El anuncio de la Casa del Rey de que Felipe VI asistirá este sábado a la manifestación contra el terrorismo en Barcelona marca un antes y un después en la historia de la monarquía española. Nunca antes un rey se ha puesto detrás de una pancarta.

Habrá quien piense que el paso dado por el monarca es una muestra de audacia y una forma de acercarse al pueblo al que representa. EL ESPAÑOL considera, en cambio, que se trata de un error, y que el Gobierno debería recomendarle que no lo consumara.

Tiene todo el sentido, y así lo establece la tradición, que los reyes no participen en manifestaciones. Es imposible encontrar precedentes. En 2015 el rey Abdalá de Jordania y su esposa Rania se manifestaron en París junto a los principales líderes europeos en memoria de las víctimas del terrorismo. Pero habría sido impensable que lo hicieran en Amán. Nadie imaginaría a la reina de Inglaterra encabezando una marcha.

Un grave precedente

La Corona es depositaria de una institucionalidad que debe permanecer por encima de la calle. Cualquier manifestación, por justificada que esté y aun cuando sea expresión de sentimientos ampliamente compartidos, exterioriza el sentimiento de los asistentes y, explícita o implícitamente, encierra una reivindicación ante los poderes públicos.

El monarca ha de ser una instancia superior que está por encima de las coyunturas. Y dispone de sus propios medios para expresarse. Salir a la calle en manifestación no se encuentra entre ellos, como tampoco sería lógico que lo hicieran los presidentes de los Altos Tribunales o los mandos militares.

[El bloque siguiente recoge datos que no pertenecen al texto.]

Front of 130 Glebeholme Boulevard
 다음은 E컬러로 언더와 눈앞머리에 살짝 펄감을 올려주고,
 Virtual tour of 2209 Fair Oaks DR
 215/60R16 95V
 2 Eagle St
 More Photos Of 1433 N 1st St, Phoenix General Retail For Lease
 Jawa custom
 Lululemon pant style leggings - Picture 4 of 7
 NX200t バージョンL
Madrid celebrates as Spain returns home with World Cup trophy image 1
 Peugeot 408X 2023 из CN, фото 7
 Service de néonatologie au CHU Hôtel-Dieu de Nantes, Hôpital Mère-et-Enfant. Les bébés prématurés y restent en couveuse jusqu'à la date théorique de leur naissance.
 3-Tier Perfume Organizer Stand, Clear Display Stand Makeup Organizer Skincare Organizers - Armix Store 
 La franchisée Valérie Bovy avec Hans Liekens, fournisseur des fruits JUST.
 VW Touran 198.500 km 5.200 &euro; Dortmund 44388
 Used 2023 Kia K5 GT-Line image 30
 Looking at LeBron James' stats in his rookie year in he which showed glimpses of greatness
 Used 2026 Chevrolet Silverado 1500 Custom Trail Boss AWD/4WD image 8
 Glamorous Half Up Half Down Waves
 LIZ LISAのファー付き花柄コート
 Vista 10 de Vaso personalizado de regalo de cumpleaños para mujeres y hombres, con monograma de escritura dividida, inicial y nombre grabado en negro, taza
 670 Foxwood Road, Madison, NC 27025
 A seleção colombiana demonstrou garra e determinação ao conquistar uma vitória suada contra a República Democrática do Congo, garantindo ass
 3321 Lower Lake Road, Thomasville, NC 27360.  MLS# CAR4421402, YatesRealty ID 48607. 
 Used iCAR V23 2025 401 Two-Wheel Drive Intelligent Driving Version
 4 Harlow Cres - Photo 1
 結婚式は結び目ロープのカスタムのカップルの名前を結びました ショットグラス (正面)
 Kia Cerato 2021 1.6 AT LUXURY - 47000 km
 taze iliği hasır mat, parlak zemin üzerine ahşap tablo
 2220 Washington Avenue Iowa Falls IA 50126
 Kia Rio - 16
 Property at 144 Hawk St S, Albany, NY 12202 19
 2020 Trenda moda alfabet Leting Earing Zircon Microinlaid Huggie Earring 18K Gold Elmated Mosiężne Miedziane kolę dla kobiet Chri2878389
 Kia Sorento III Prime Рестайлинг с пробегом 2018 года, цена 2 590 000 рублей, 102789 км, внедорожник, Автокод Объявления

Si el sábado Felipe VI se manifiesta en Barcelona creará un precedente: tendrá que hacerlo también cada vez que se produzcan atentados similares. Y si no lo hace, generará agravios difíciles de justificar.

La esencia del Estado

El principal reproche que cabe hacer a la Casa del Rey al tomar esa decisión es que se aparta de la esencia de la Jefatura del Estado, cuya fuerza no está en salir a la calle, como tampoco se ejerce desde ella.

La participación de Felipe VI en la marcha de Barcelona daría además argumentos a quienes tratan de convertir la calle en soberana. Podría ocurrir, por ejemplo, que la manifestación del sábado tuviera menos asistencia que la Diada que se celebrará quince días después. Involuntariamente, el monarca estaría sirviendo argumentos al separatismo.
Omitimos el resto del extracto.